Bitcoin specifically has had 3 out of about 12 projected halvings (events when the protocol reduces the block rewards for miners by half, which cuts supply and inflation). You're still at the ground floor.

And there are dozens of other promising projects in crypto right now as well, especially in Ethereum and decentralized finance.

Do some research and dip your toes in is my recommendation. Put in what you can afford and you'll soon find you'll be able to afford a lot more.
 
Bitcoin specifically has had 3 out of about 12 projected halvings (events when the protocol reduces the block rewards for miners by half, which cuts supply and inflation). You're still at the ground floor.

And there are dozens of other promising projects in crypto right now as well, especially in Ethereum and decentralized finance.

Do some research and dip your toes in is my recommendation. Put in what you can afford and you'll soon find you'll be able to afford a lot more.

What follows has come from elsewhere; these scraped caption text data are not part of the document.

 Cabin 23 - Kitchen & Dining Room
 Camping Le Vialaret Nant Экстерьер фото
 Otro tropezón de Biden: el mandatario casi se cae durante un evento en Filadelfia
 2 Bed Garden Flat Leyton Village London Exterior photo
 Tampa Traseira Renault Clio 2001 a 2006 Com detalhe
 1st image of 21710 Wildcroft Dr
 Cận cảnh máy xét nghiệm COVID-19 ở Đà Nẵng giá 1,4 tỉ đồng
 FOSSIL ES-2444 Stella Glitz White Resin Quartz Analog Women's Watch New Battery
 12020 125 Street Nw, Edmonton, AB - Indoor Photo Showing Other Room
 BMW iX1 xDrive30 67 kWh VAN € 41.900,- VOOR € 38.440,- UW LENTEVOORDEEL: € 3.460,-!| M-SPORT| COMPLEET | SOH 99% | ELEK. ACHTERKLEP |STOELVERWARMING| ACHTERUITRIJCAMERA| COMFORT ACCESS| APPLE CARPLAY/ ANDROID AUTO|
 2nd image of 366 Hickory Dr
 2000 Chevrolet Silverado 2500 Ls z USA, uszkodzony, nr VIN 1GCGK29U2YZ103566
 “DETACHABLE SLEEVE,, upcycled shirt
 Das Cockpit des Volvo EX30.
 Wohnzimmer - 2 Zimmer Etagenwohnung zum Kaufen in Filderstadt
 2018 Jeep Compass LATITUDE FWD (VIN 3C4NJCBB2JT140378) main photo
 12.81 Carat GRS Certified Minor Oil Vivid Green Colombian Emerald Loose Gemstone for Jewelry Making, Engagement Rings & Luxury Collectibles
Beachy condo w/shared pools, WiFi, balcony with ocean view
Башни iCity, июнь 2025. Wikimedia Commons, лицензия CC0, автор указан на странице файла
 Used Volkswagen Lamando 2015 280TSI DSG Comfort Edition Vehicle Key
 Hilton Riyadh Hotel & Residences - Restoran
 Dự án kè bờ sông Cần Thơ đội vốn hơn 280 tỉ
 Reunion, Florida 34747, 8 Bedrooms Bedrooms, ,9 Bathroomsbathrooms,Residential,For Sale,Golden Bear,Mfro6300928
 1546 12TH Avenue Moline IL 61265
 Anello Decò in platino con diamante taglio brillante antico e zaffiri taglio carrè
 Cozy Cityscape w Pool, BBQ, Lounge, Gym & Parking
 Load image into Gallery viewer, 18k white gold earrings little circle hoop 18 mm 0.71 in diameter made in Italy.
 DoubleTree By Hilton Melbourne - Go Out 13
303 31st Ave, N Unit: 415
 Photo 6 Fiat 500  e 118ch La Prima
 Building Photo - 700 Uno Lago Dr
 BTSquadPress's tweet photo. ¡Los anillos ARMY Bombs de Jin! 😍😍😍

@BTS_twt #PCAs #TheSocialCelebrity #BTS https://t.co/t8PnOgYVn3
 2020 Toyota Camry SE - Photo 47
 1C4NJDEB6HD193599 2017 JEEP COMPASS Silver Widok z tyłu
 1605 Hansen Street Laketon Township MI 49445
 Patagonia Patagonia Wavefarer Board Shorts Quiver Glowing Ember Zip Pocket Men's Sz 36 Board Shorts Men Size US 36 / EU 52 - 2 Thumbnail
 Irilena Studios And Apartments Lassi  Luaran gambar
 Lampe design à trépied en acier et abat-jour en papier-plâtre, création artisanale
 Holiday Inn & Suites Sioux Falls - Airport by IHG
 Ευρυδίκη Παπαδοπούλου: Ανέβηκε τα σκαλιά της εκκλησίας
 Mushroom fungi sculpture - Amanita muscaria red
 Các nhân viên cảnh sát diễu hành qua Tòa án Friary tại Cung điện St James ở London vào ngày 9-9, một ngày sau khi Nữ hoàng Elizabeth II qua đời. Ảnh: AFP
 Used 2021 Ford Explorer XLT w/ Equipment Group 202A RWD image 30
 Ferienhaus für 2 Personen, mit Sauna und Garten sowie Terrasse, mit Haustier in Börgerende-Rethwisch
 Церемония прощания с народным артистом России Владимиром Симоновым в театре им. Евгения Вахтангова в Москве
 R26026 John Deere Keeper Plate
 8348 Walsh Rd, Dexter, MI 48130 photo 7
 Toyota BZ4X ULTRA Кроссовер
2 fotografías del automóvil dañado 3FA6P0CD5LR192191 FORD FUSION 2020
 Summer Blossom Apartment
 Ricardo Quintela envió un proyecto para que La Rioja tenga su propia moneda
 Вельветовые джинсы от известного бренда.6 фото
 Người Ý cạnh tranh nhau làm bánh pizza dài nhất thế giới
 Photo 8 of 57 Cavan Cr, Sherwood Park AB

Thanks, will look into that.
 
I'm usually skint because I spend.
Fair enough QP still lives at home with his his mum(wish I did).
Respect to terzaerian for daring to dare though.
 
Because MicroStrategy knows what's coming - inflation, on a scale we haven't witnessed since the Carter administration. Video cards are just the leading edge of the trend.

Crypto may or may not just be a hedge for MicroStrategy against inflation, but for end users it's more than that, it's about refusing to play the game.


Inflation is being exported.

#1 People are spending their stimulus checks on manufactured goods. That money is LEAVING US shores and headed to Asia where they'll hold it until they come here to buy up property.

#2 The stimulus checks have in many cases been spent in the stock and crypto markets. The government should have given us debit cards to buy specific emergency goods rather than let these people gamble them away.

#3 Kyle Rittenhouse used his and bought a gun.
 
That's how big organization keep the fire burning for cryptocurrences. When it is fizzling down, they add more "firewood" to it knowing that the market will react positively + strongly, and so pushing their investment up. So its more like betting that their big investment will stir the market enough to bump up the value of their investment.
 
Bitcoin specifically has had 3 out of about 12 projected halvings (events when the protocol reduces the block rewards for miners by half, which cuts supply and inflation). You're still at the ground floor.

And there are dozens of other promising projects in crypto right now as well, especially in Ethereum and decentralized finance.

Do some research and dip your toes in is my recommendation. Put in what you can afford and you'll soon find you'll be able to afford a lot more.
This guy knows what's up.
 
This guy knows what's up.
Thanks. I've been following the scene pretty much since the beginning, and I get argumentative about it; a lot of that is some guilt and embarrassment over having used to regurgitate (and prescribe to) the same tired anti-crypto talking points back in the 2010s. People should be cautious, but not fearful, of the technology.

My goal is nonetheless not to get everyone to go out RIGHT NOW and buy, buy, buy - if that's what people do then I've failed again. Set aside whatever I've said as well as the FUD from elsewhere, do your own research, weigh the risks and benefits relative to your own knowledge and capabilities, and act accordingly. The second to last thing I want people to do is sink their life savings into something they don't adequately understand and get burned (the last thing being, of course, languishing with USD whose purchasing power and relevance is rapidly dwindling).